Он довольно ловко справлялся с ними, не складывал скорлупу в тарелку, а кидал её в кафельную стену. Зверев радостно хохотал, когда ему вдруг удавалось попасть скорлупой в одну и ту же точку.
Бесчинства его были прерваны приходом литературного критика Грудцовой. На какое-то время он притих, но потом всё началось с начала.
Интеллигентная, седовласая, пожилая Ольга Моисеевна, дочь знаменитого фотографа Наппельбаума, выпады его принимала как должное и пришла в восторг, когда вдруг Зверев заговорил стихами. Он с лёгкостью рифмовал свои озорные байки. Все мы смеялись, а Грудцова, как дитя, радовалась каждому остроумному и хулиганскому словосочетанию. Зверев её профессиональные похвалы принимал с полным бесстрастием.
Наташа, сразу же расположившись к Грудцовой, стала рассказывать ей о бедственном положении Зверева, что ему опять негде жить и он мотается по чужим домам. Зверев сердился, требовал, чтобы она замолчала, а Грудцова с неподдельной искренностью вдруг предложила ему:
— Так в чём же дело? Деточка, живите у меня, пожалуйста!
А сама только недавно, на старости лет, заимела, наконец, однокомнатную квартиру — и приглашает: пожалуйста, живите у меня.
Парадокс! Удивительно, что ведь всегда находятся люди, те, кто среди сонма алчных спекулянтов, нуворишей, обогащающихся за счёт нищих художников, готовы бескорыстно принять участие в судьбах таких вот Божьих избранников. Свет не без добрых людей!
И это единственное, что ещё как-то обнадёживает и утешает в нашей чёрной, жестокой, беспощадной эпохе. Не обошли они, эти добрые люди, в своё время и художника Зверева, пытались охранить, помочь. Среди них в первом ряду всегда оставалась Наташа.
Обед был закончен. Грудцова ушла, пора было приниматься за портрет.
Наташа скомандовала, и мы перешли из кухни в другую комнату.
Я приготовила всё, что у меня было, — масляные краски, акварель, кисти, бумагу, картон. Конечно, Зверев ничего с собой не принёс. Он отобрал себе кое-что из предложенного и без проволочки принялся за работу. Усадил меня, оглядел и начал писать.
Он сразу посерьёзнел. Удивительным было это его преображение. Ни хохм, ни дурачеств, он как бы сбросил шутовскую маску и стал даже красив. Взгляд карих глаз загорелся, сделался зорок, жгуч. Точно такой же взгляд запомнился мне на автопортрете Гойи и ещё на автопортрете Веласкеса.
Казалось, что взгляд пронизывает тебя. За те сорок минут, что Зверев работал над портретом, я почувствовала такую усталость, будто у меня вывернули всё нутро. Любопытно, что устала и Наташа, которая только наблюдала за его работой.
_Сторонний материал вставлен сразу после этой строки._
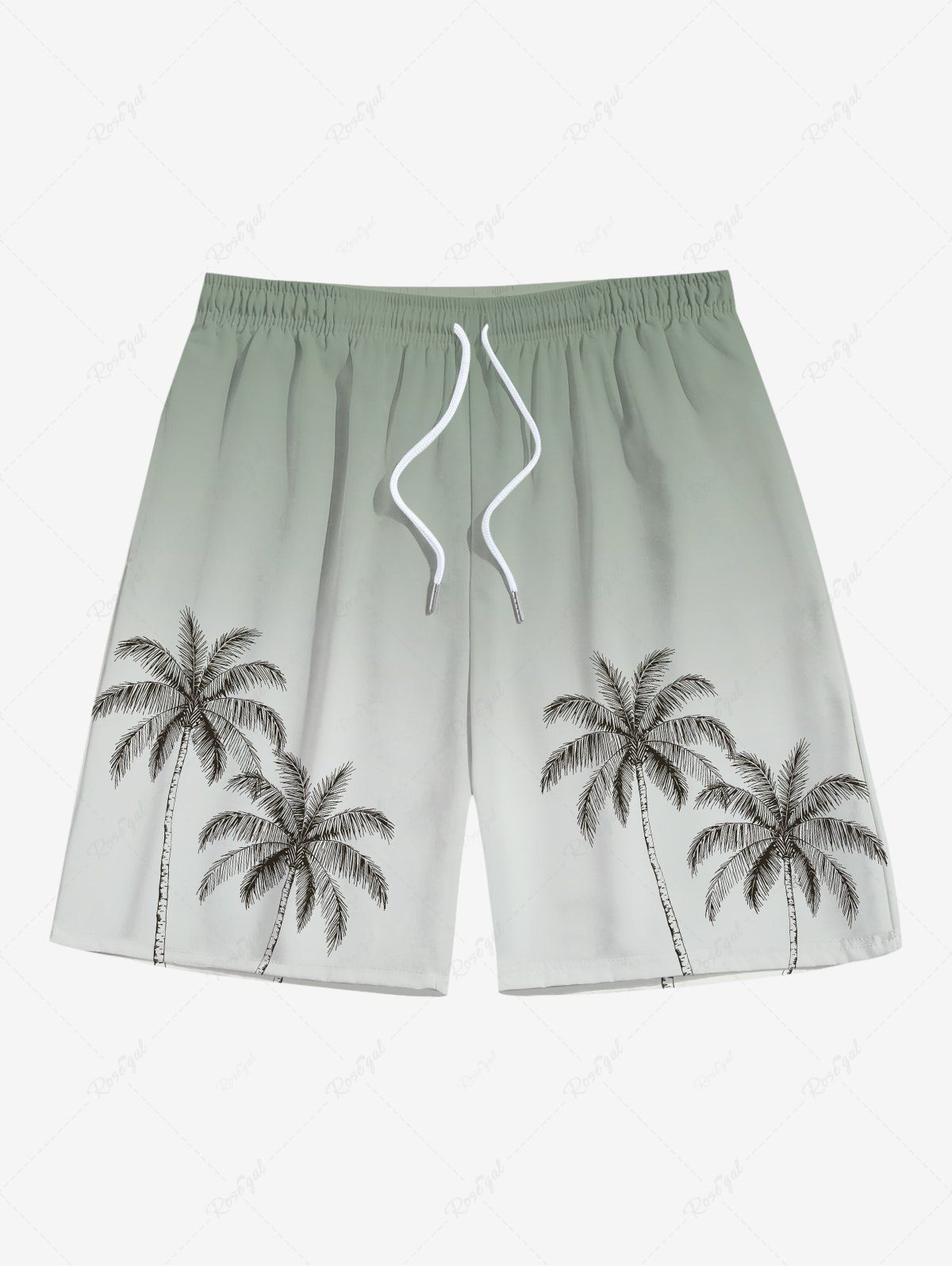Unique Plus Size Coconut Tree Ombre Print Hawaii Beach Shorts For Men  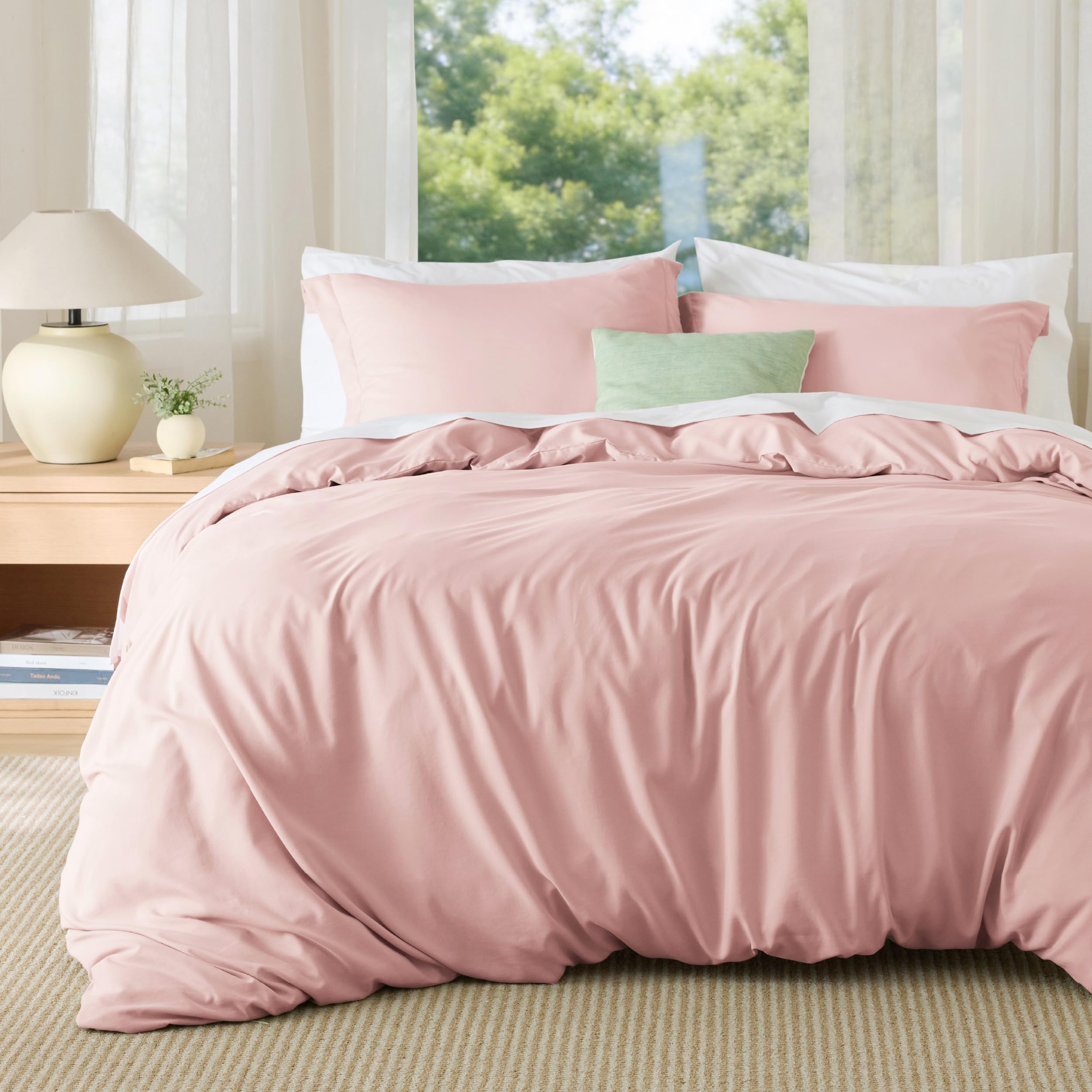 Bedsure Duvet Cover King Size, Soft Double Brushed Bedding Set, 3Pcs, Pink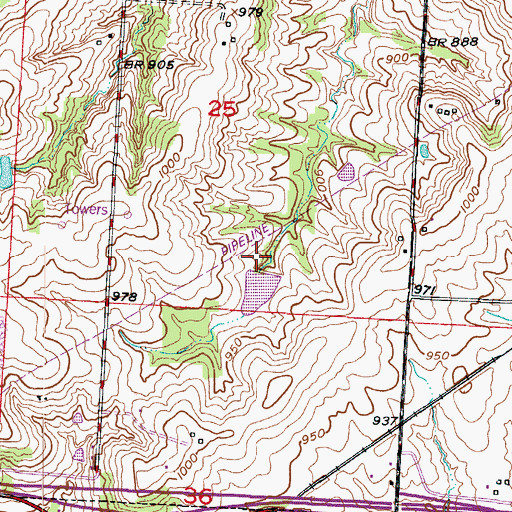 Topographic Map of Little Sni-A-Bar Watershed Structure Number 45 Dam, MO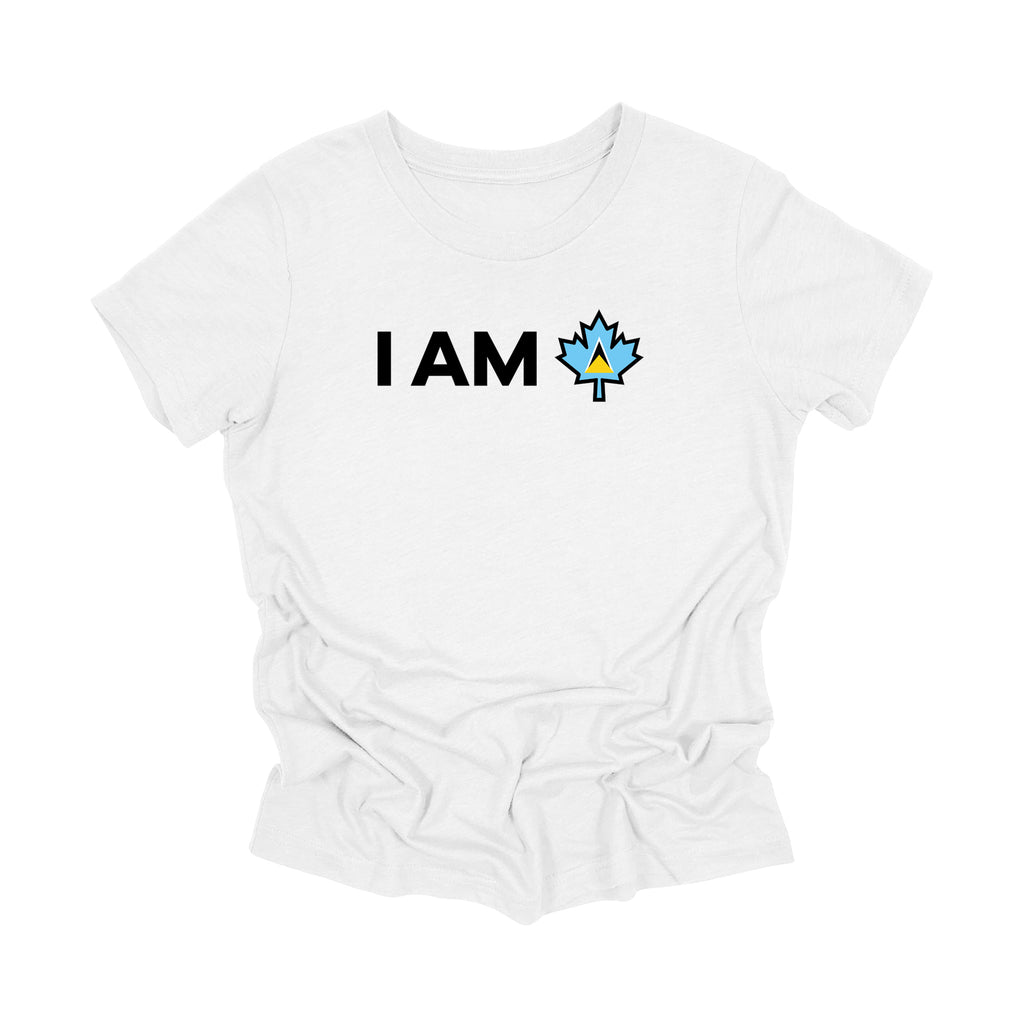 YOUTH - I Am Canada - Canadian Maple Leaf with Saint Lucia Flag,  YOUTH T-Shirt, Canadian Gift T-Shirt, Saint Lucia Present, National Flag Tee Shirt - Inspired X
Закончив портрет, Зверев потребовал принести ему зубного порошка или муки, я не понимала, для чего это ему вдруг понадобилось, но ни того, ни другого у меня не оказалось. Тогда Зверев воспользовался обычным творогом. Раскрошив его в руке на мелкие кусочки, он как бы припудрил им портрет, сразу же создав этим седину в волосах. На моё удивление — лукаво ухмылялся. Оказывается, он был абсолютно свободен не только в манере писать и рисовать, но и в использовании живописных средств, приспособлений — кисть, мастихин, нож, ноготь, вилка… Всё ему годилось.
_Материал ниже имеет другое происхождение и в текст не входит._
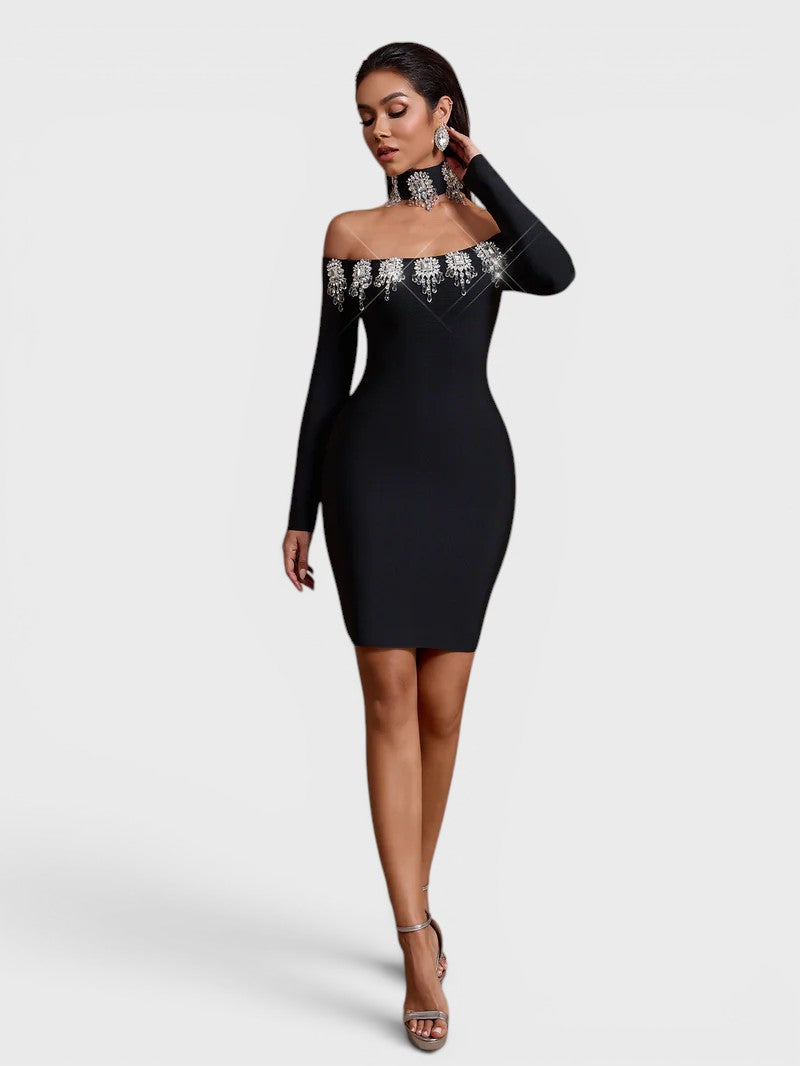 Marlowe Long Sleeve Crystal Bandage Choker Mini Dress Mara Blak Marlowe Long Sleeve Crystal Bandage Choker Mini Dress Mara Blak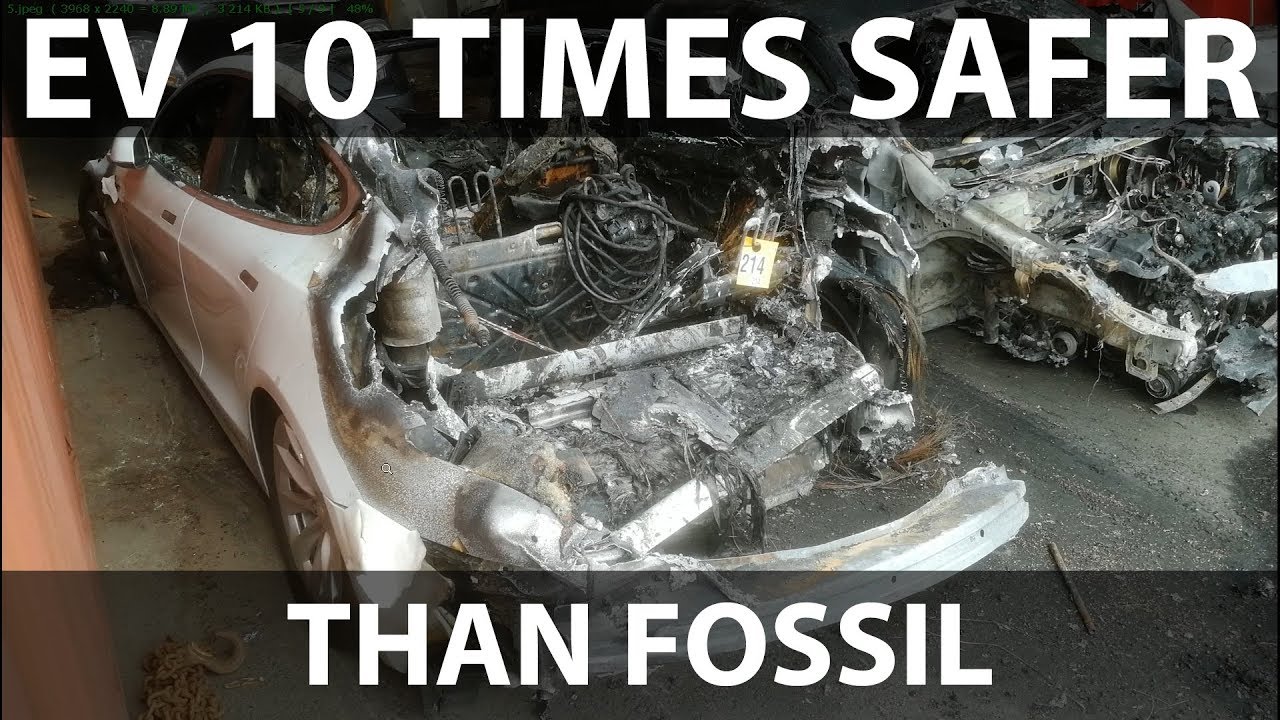 Tesla was set on fire but the battery didn't burn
В тот день он написал не один, а несколько моих портретов. И маслом, и акварелью, нарисовал фломастерами — разохотился и остановить его было нельзя, да и не хотелось.
Таинственно-необъяснимым оказалось то, что поначалу в этих портретах я не уловила сходства с собой. Но постепенно, со временем, оно стало как бы проступать — так, будто бы портреты жили своей собственной жизнью. Они стали походить на меня. Но, может быть, я на них?..
Тогда же он написал натюрморт с мимозой, букет почти уже увядших, малокровных парниковых тюльпанов. Все эти цветы стояли у меня на столе, а он так, походя, полушутя, их написал. Наташа подзадорила его и на «Лошадок». Для этого он потребовал чёрной туши и изобразил их на сером картоне. Оказывается, он любил рисовать лошадок.
Потом всё это ему надоело, он заторопился уходить. Оказалось, что свою кепку Зверев где-то посеял. Он растерянно приглаживал рукой свои нечёсаные волосы. Идти без головного убора в промозглую сырость марта?! Нет, я этого допустить не могла.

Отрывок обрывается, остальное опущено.